Roger was one of those life-changing schoolteachers. He taught English and Art History at secondary schools in the Midlands and it was Nigel Wheale, a close friend and former pupil, who became his publisher, bringing out ‘Hem’ (1978) and ‘Sidelong’ (1981) under his infernal methods imprint. There was also a pamphlet from Equipage, ‘Jack’, which appeared in 1998. Then in 1994 Nigel published ‘Twelve Poems’ which attracted the attention of Carcanet who went on to publish two collections, ‘Collected Poems’ (2000, and published jointly with infernal methods) and ‘The Face of It’ (2007). This latter includes the poems I had published in ‘More or Less’, which was the last thing I did under the Many Press imprint. There was also a pamphlet, ‘Twine’, which came out from Landfill in 2004.

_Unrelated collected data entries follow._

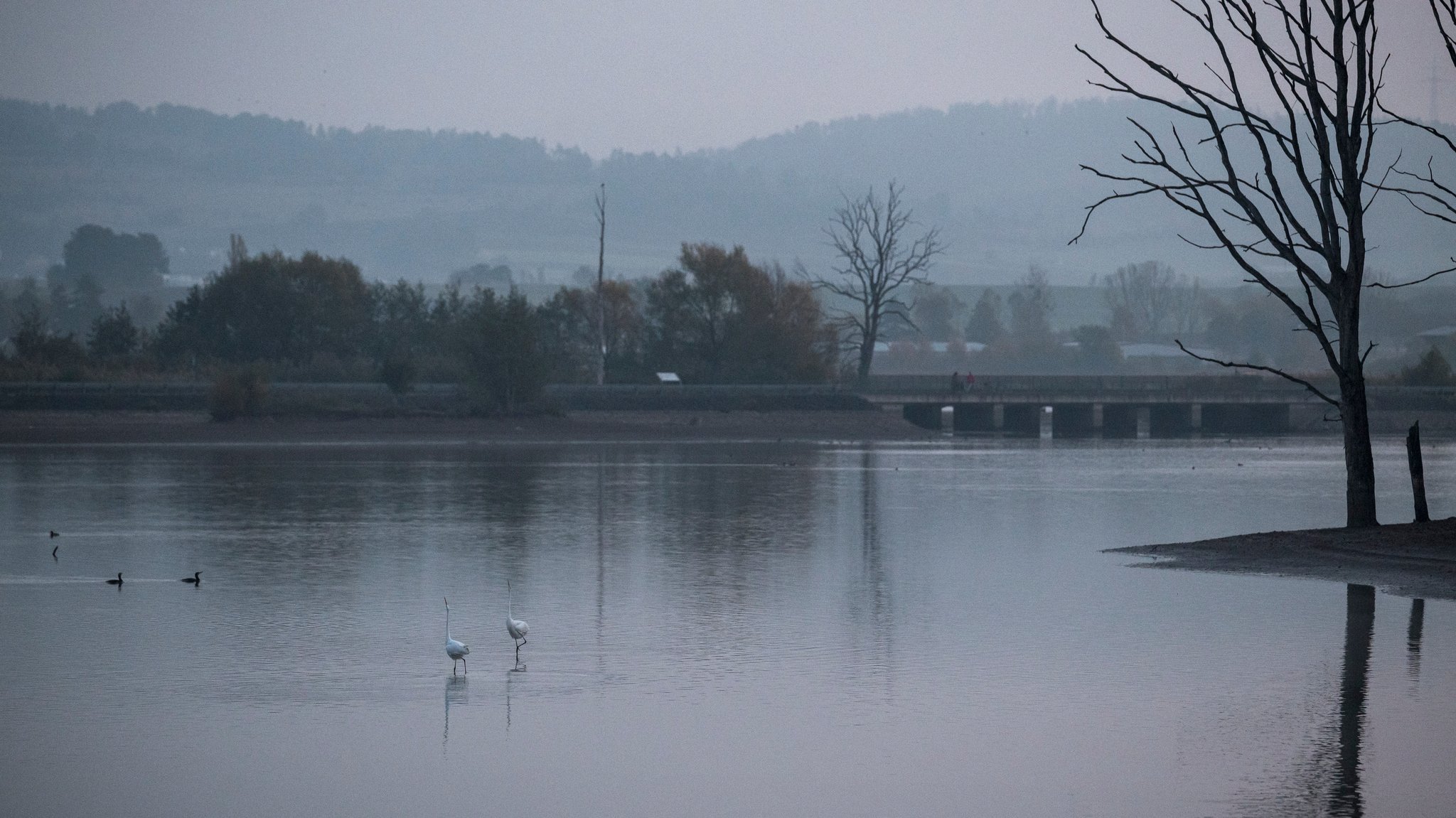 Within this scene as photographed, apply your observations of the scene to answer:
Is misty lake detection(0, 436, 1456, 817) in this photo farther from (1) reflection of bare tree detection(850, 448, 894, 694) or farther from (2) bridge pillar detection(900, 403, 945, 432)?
(2) bridge pillar detection(900, 403, 945, 432)

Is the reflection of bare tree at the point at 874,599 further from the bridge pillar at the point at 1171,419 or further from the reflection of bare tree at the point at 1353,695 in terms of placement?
→ the bridge pillar at the point at 1171,419

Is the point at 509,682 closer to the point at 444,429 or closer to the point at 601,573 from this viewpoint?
the point at 601,573

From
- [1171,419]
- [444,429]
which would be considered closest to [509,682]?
[444,429]

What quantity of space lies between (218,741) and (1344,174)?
57.7 feet

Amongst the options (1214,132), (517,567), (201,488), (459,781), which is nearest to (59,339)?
(201,488)

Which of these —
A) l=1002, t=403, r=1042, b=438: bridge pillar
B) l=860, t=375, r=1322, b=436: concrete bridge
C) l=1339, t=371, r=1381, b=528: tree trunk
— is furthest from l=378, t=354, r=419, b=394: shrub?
l=1339, t=371, r=1381, b=528: tree trunk

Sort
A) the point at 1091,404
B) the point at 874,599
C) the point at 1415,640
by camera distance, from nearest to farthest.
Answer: the point at 1415,640
the point at 874,599
the point at 1091,404

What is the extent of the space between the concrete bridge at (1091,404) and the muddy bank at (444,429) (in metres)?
9.19

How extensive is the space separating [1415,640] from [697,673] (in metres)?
7.08

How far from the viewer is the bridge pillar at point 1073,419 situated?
84125 mm

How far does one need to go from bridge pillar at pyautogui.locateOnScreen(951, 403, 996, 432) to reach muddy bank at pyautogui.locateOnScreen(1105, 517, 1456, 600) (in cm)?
6091

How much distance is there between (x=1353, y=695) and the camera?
1241cm

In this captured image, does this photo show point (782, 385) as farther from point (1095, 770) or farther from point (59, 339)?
point (1095, 770)

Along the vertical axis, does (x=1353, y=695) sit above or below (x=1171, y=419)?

Roger was among other things a very accomplished draughtsman and there is an extraordinary intensity of seeing in his work, whether engaging with varieties of natural phenomena or with painting. This is evinced everywhere in his ‘Journals’ which appeared regularly in PN Review and in collected form from Shearsman (2006). And there’s an interview, first published as a pamphlet by Peter Riley and then included in Angel Exhaust, which gives a remarkably open and detailed account of his poetic method and practice.

A friend of Prynne’s from student days, a particular talent of Roger Langley's was to combine some traditional English preoccupations - landscape and natural history, visiting country churches - with a rigorous modernism. He was still very much occupied with writing - a poem Nightingale appeared recently in the London Review of Books - and will be sorely missed as a writer and as a friend.